Records from a dataset
════════════════
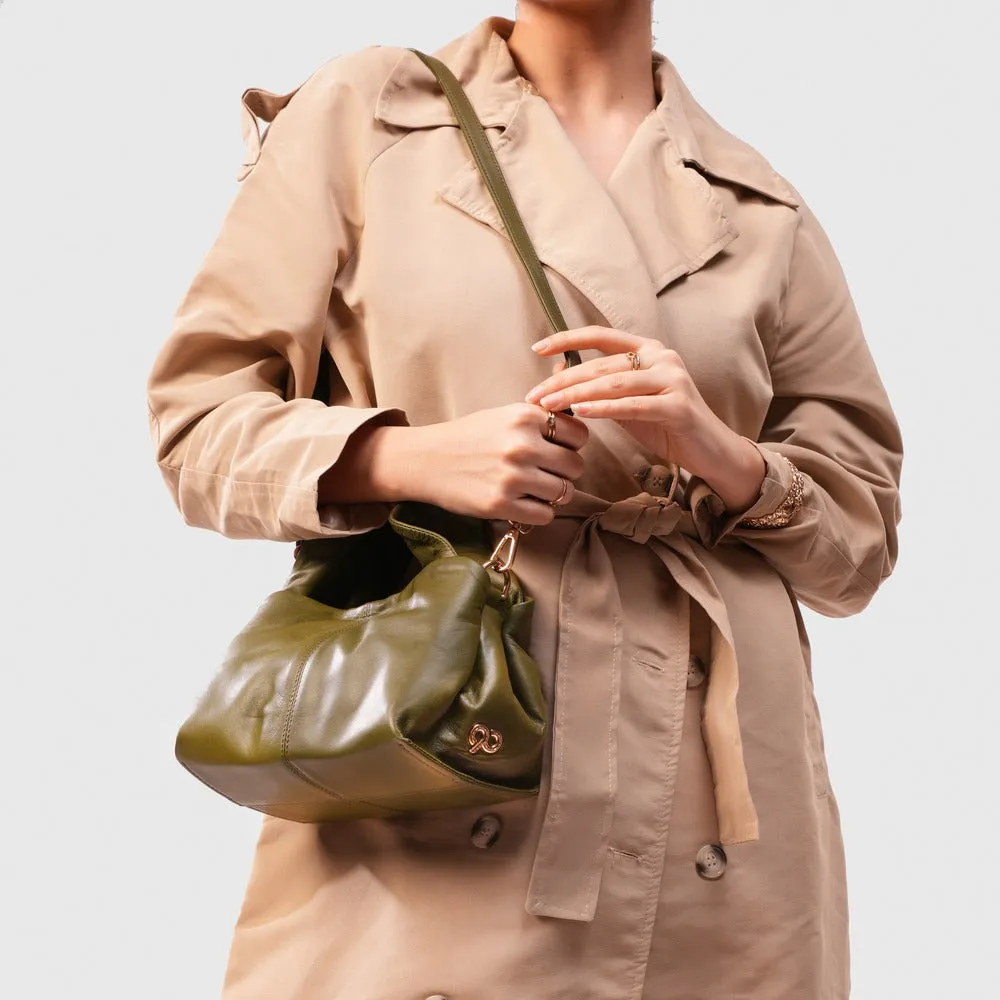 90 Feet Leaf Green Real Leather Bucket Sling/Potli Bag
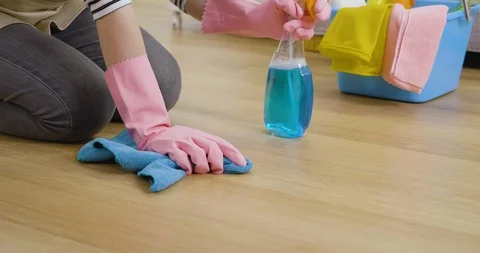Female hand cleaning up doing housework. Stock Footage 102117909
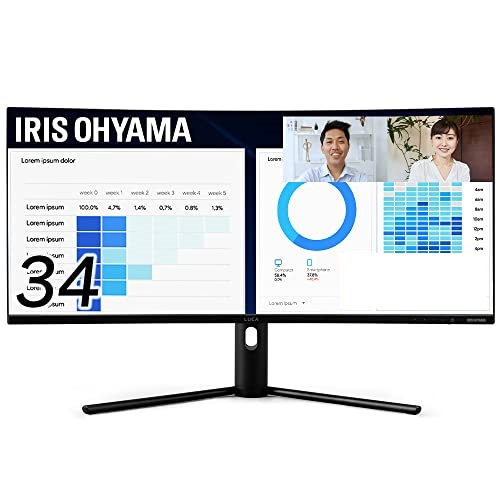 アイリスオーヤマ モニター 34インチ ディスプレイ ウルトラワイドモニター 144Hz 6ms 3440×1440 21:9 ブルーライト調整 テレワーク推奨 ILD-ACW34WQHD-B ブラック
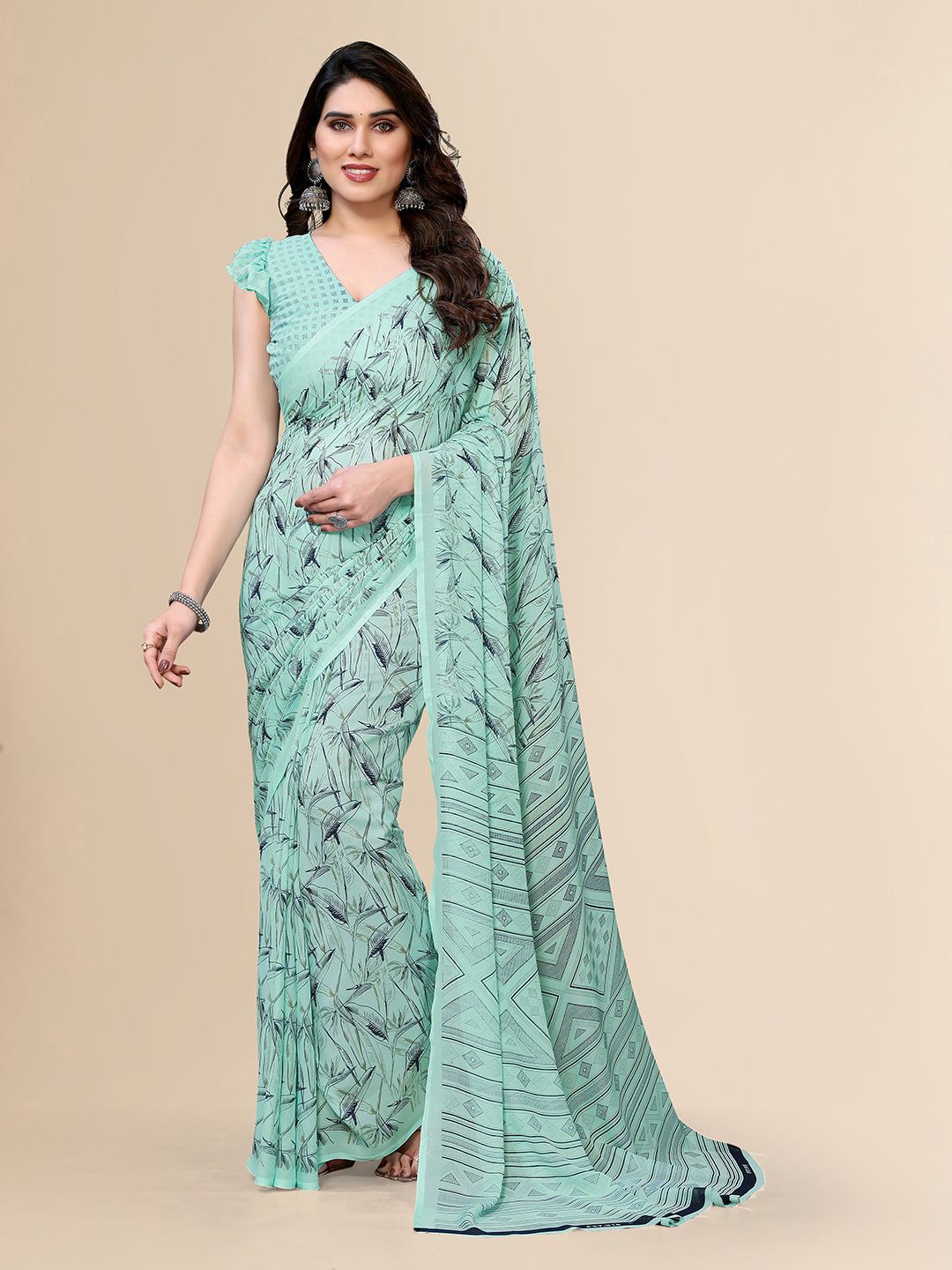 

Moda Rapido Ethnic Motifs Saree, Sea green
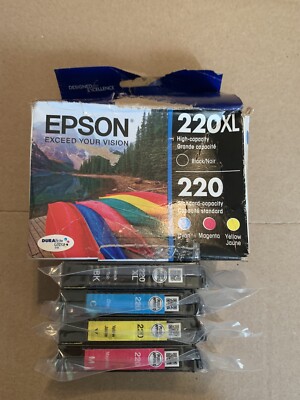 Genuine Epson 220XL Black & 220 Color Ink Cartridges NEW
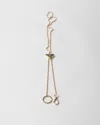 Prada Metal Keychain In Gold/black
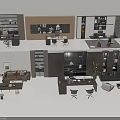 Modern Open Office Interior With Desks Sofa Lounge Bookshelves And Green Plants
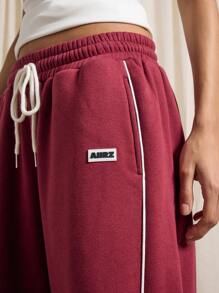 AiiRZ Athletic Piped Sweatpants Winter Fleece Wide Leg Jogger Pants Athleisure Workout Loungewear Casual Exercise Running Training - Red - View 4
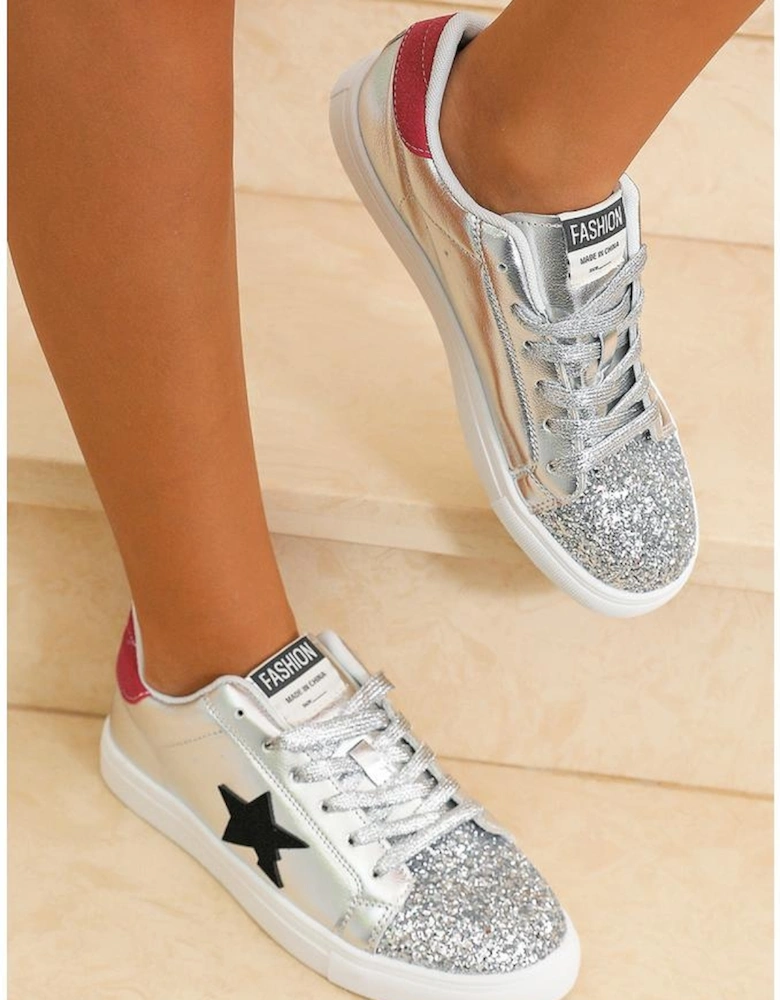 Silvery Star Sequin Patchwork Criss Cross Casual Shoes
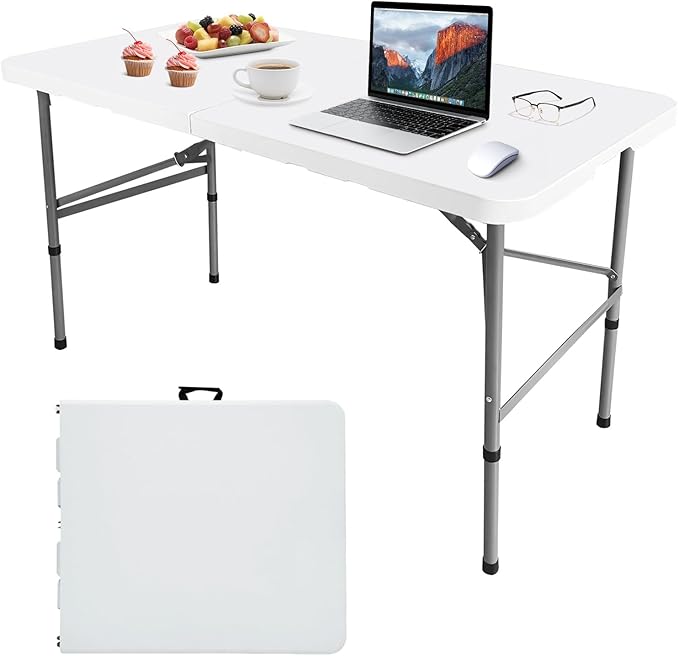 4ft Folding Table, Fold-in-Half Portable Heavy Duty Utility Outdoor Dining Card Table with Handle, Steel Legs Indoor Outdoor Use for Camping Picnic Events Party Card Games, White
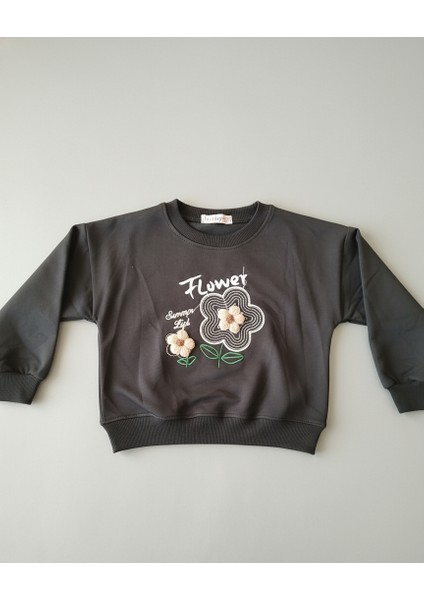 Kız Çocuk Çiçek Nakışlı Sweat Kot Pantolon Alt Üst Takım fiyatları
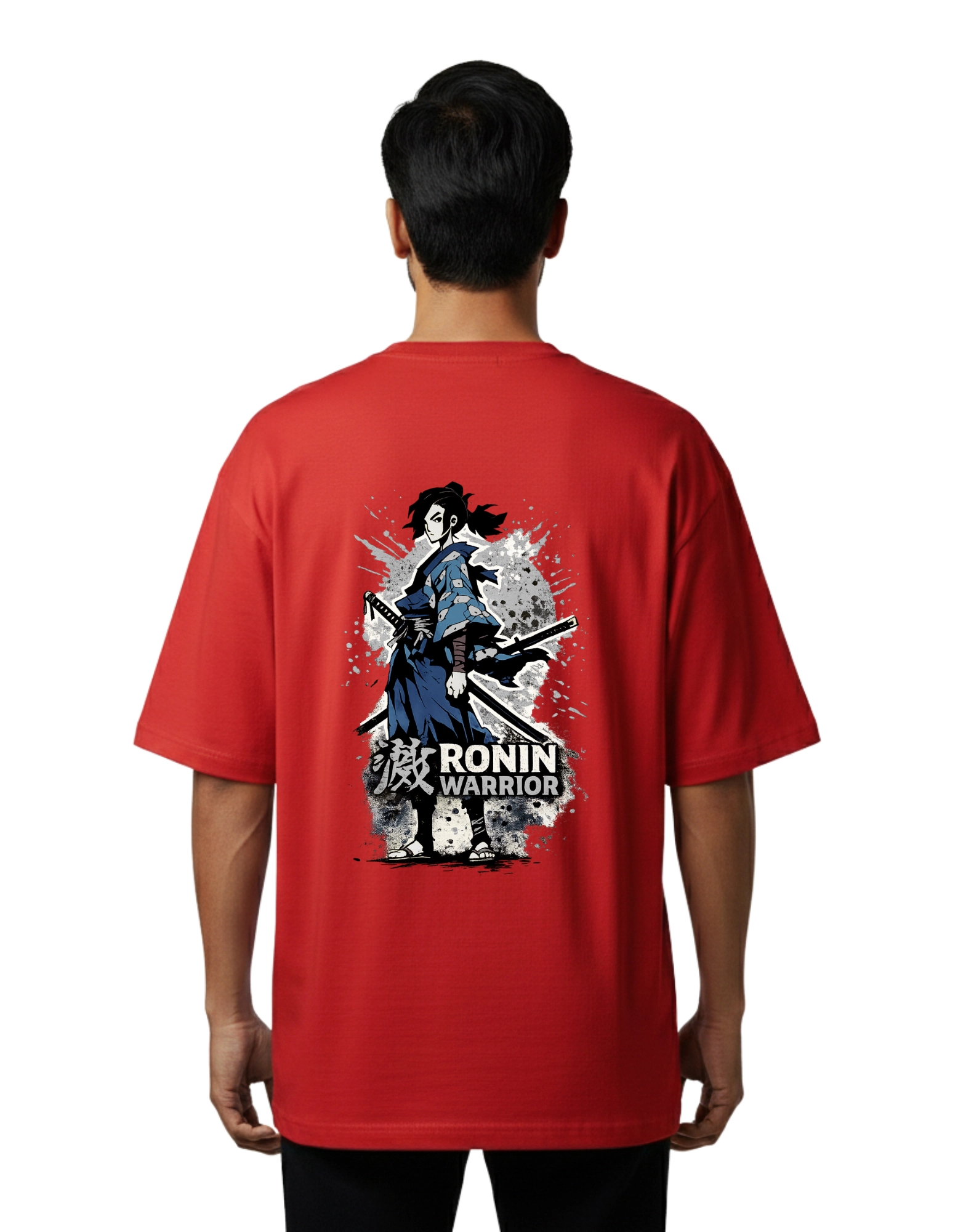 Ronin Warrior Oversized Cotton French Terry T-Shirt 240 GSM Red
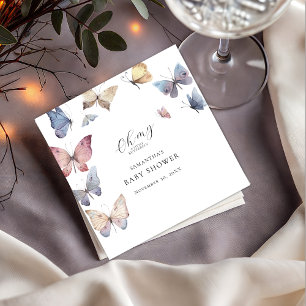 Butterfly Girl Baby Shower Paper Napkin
════════════════
▸ **Assignment**: Would you give again, exactly as written, the lines from the one containing "4ft Folding Table, Fold-in-Half" through the end of the records, with no pictures and no other lines?

▸ **Final answer**:
 4ft Folding Table, Fold-in-Half Portable Heavy Duty Utility Outdoor Dining Card Table with Handle, Steel Legs Indoor Outdoor Use for Camping Picnic Events Party Card Games, White
 Kız Çocuk Çiçek Nakışlı Sweat Kot Pantolon Alt Üst Takım fiyatları
 Ronin Warrior Oversized Cotton French Terry T-Shirt 240 GSM Red
 Butterfly Girl Baby Shower Paper Napkin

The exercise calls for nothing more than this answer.